Jim Hlavac
Domestic Affairs
Domestic Affairs
The differences in the legal systems between the English speaking countries and the
rest of the world are little known to most people.  After all, the law is the law, most
people would say.  However, there is a fundamental difference.  It is no accident that
English Speaking countries enjoy more freedom and wealth than the rest of the world:
because the legal system has a direct bearing on the ability of freedom and wealth to
occur.

     It would stand to reason, that however uninvestigated the topic is the two legal
systems have dramatic and fundamental influences on the cultures in which they are
found.

     The difference actually comes right back to the divine right concept.  The Civil Law
is created by the legislature, by the government, and then everything either fits or
doesn't fit what the law says.  By its nature the Civil Law inhibits freedom and wealth
because while it lays down prescriptive measures, and defines things limitedly, no one
can know the full reality a people face in their daily lives.  Yes, the Civil law works,
much as feudal dukedoms worked.  But that doesn't deny the essential limiting factor
that the legislature can not conceivably cover every single aspect of the world and
thus somehow something is not going to fit.  And the Civil Law presumes that all things
not mentioned either don't exist, or are prohibited because they are not permitted.

     Questioning the Civil Law is virtually impossible because it claims to simply be the
sum total of legal knowledge and thought.   The fact that contortions of logic and
language must be used to get around what the law really "says" is just a part of the
ultimate limitations, even absurdity of it.

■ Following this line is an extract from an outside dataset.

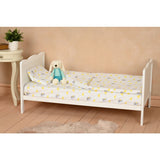Patut din lemn bebe, 120x60 cm, Cu sina speciala pentru dentitie, Multifunctional, EN716-1, EN716-2, Alb, Qmini, Julia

     The origins of the Civil Law is imperial Rome, which is clearly the state deciding
what is the law.  And then the next major renovation of the code was by Justinian, a
Byzantine emperor, shortly after 600 AD  -- again the state leading the way in crafting
the law, with obviously its own interests at the center of it.  Then the next major
revision, and the one that most modern codes are based on is the Code Napoleon.  
Made by another emperor.  So three Empires had a hand in crafting the Civil Code.  It
can not conceivably have the rights of man within it. It only contains the parameters of
obedience to the state and the empire.  Any rights now included in Civil Codes stem
from the Common Law.  The famed French Rights of Man, the United Nations' Rights
of Man -- come directly from the Declaration of Independence -- which is based
squarely in the Common Law.

     The common law on the other hand stems from the daily actions of millions of
people.  There is no defining statements about it.  Or within it.  The law is a constant
state of flux. It doesn't make a difference what the law says, if a person can argue
coherently to a judge that the law is really such and this, and not that and so, then a
judge can rule, and the further delineation of the law is decided.
     
     The first manifestation that is identifiable historically is the Magna Carta, which laid
out the rights of lesser royalty against the King John of England.  Why is there no John
the Second of England?  No King would dare name his son after the king who gave
away the absolute power.  

     The common law stems from the mists of time, and indeed, is "natural," in the
sense that any group of people without a legal system codified use a "common law"
that is simply the way elders of a tribe listen to a dispute and solve the problem based
on basic societal norms as compared to the situation at hand.